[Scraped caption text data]
****************************************

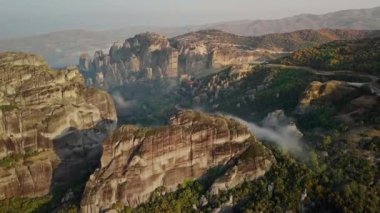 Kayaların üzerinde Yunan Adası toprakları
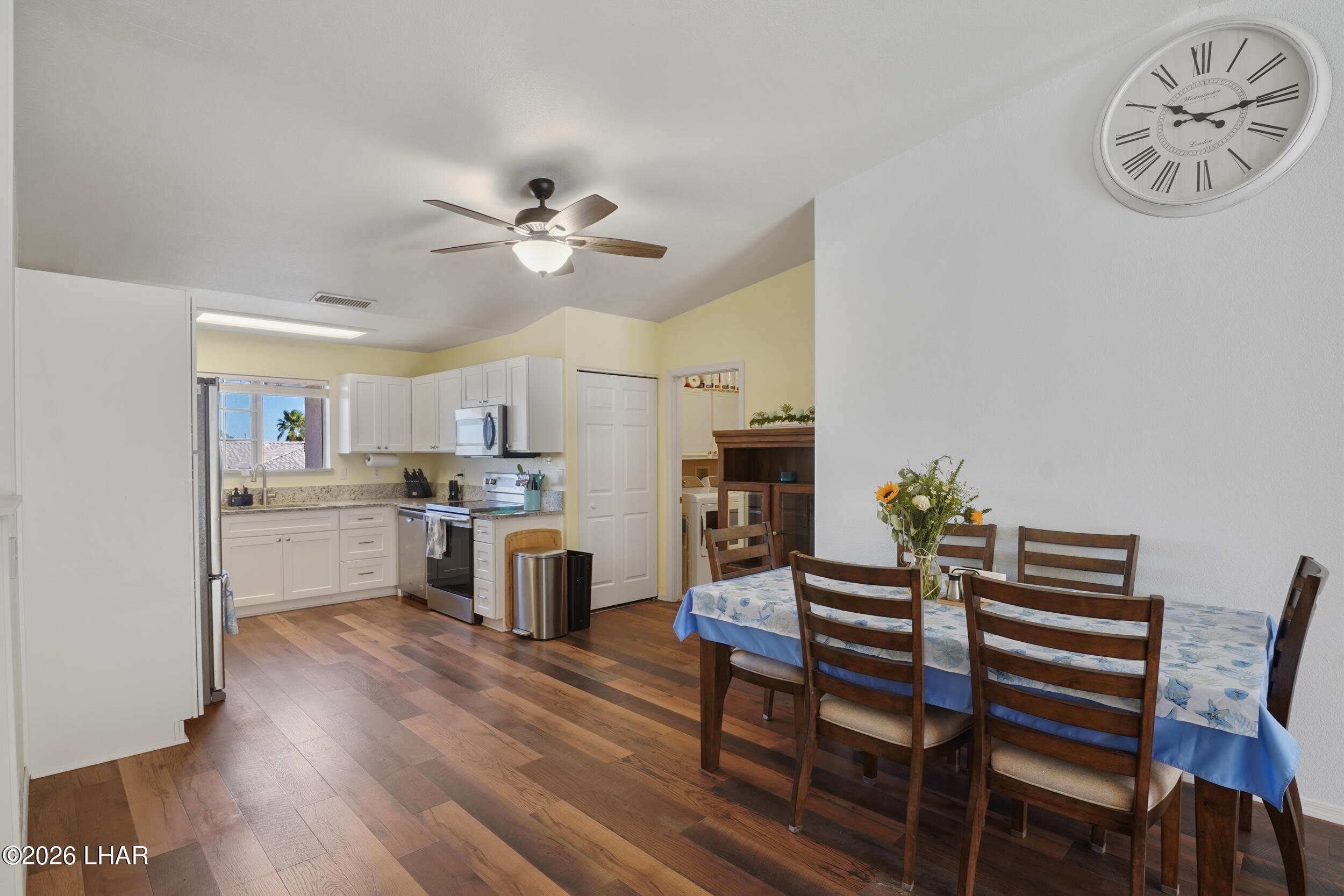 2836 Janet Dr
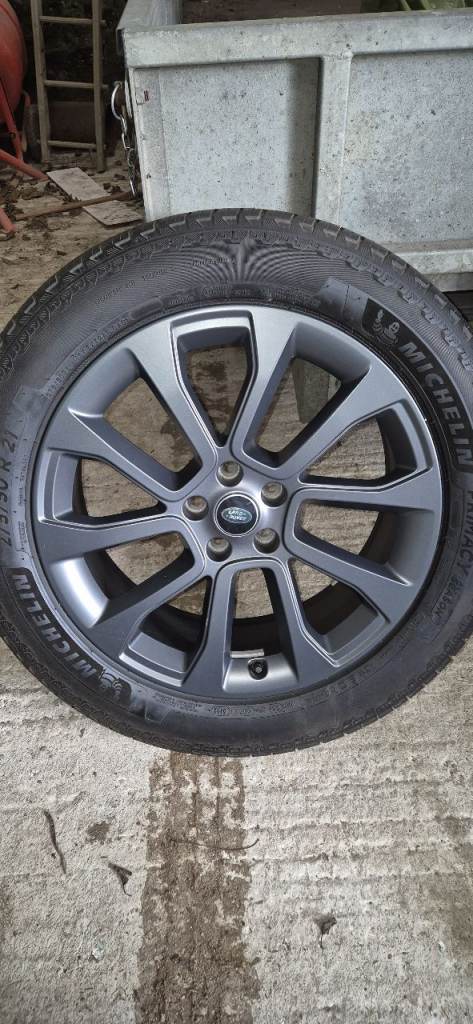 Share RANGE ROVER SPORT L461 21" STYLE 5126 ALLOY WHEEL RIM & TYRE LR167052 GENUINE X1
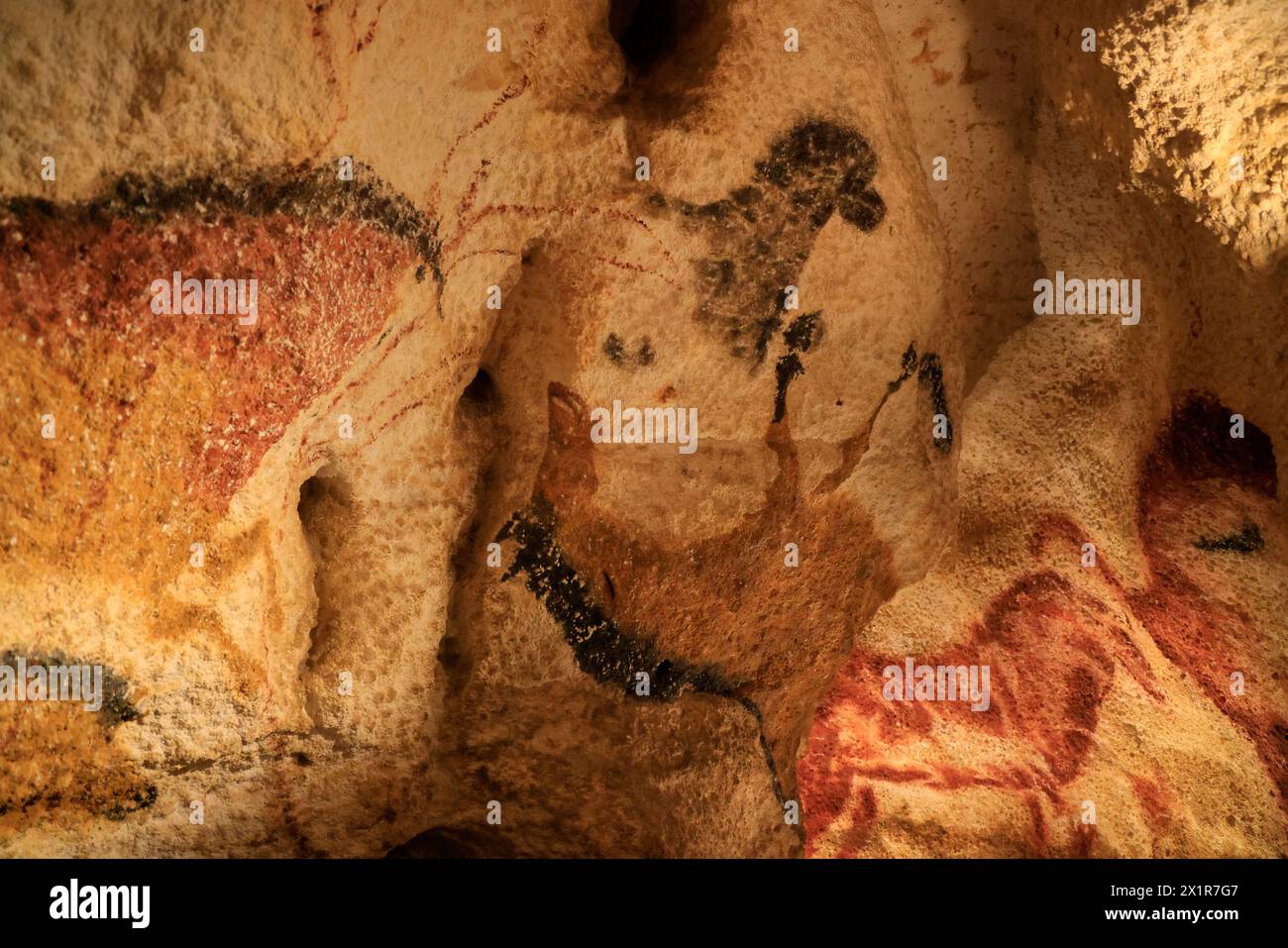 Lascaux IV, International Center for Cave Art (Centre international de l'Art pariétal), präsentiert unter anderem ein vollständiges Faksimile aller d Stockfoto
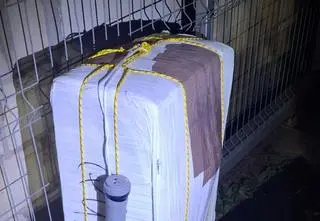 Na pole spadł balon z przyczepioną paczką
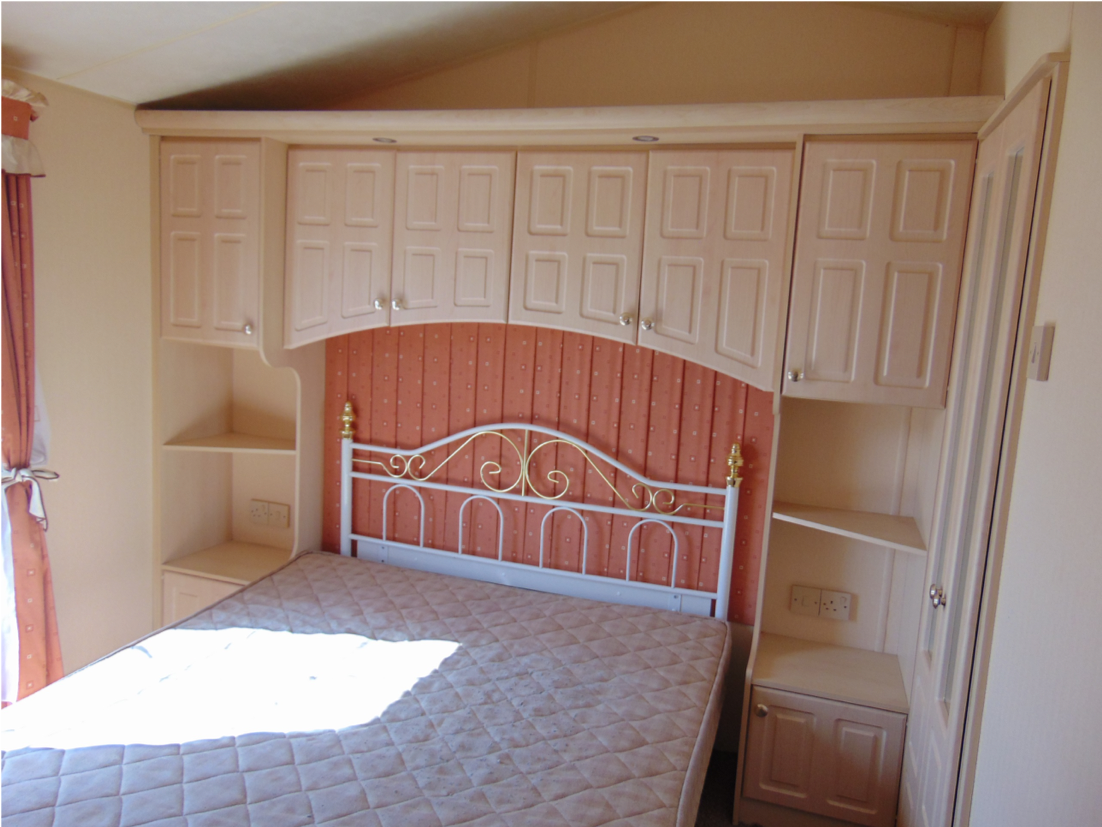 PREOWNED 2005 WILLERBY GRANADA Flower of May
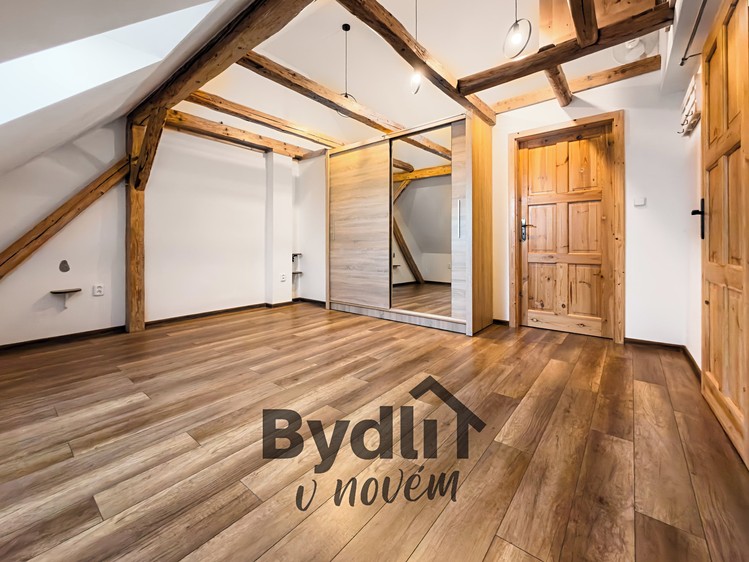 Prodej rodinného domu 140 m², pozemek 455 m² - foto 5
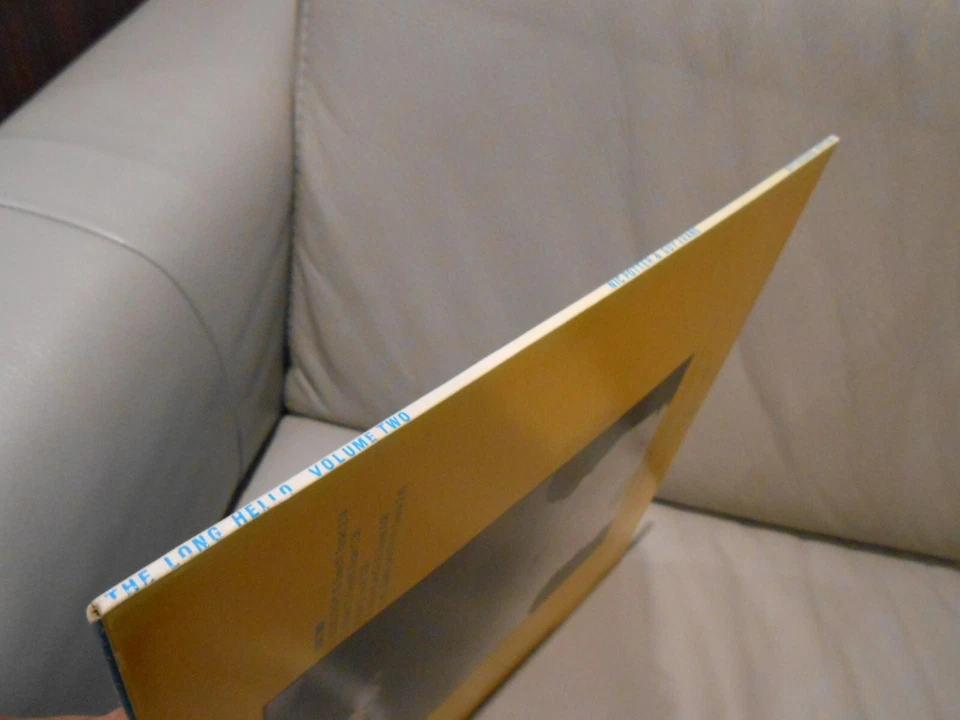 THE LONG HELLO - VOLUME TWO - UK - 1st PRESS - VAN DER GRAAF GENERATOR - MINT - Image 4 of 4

****************************************

**Aim of the task**
Repeat all entries exactly, pictures excluded.

**Task solution**
 Kayaların üzerinde Yunan Adası toprakları
 2836 Janet Dr
 Share RANGE ROVER SPORT L461 21" STYLE 5126 ALLOY WHEEL RIM & TYRE LR167052 GENUINE X1
 Lascaux IV, International Center for Cave Art (Centre international de l'Art pariétal), präsentiert unter anderem ein vollständiges Faksimile aller d Stockfoto
 Na pole spadł balon z przyczepioną paczką
 PREOWNED 2005 WILLERBY GRANADA Flower of May
 Prodej rodinného domu 140 m², pozemek 455 m² - foto 5
 THE LONG HELLO - VOLUME TWO - UK - 1st PRESS - VAN DER GRAAF GENERATOR - MINT - Image 4 of 4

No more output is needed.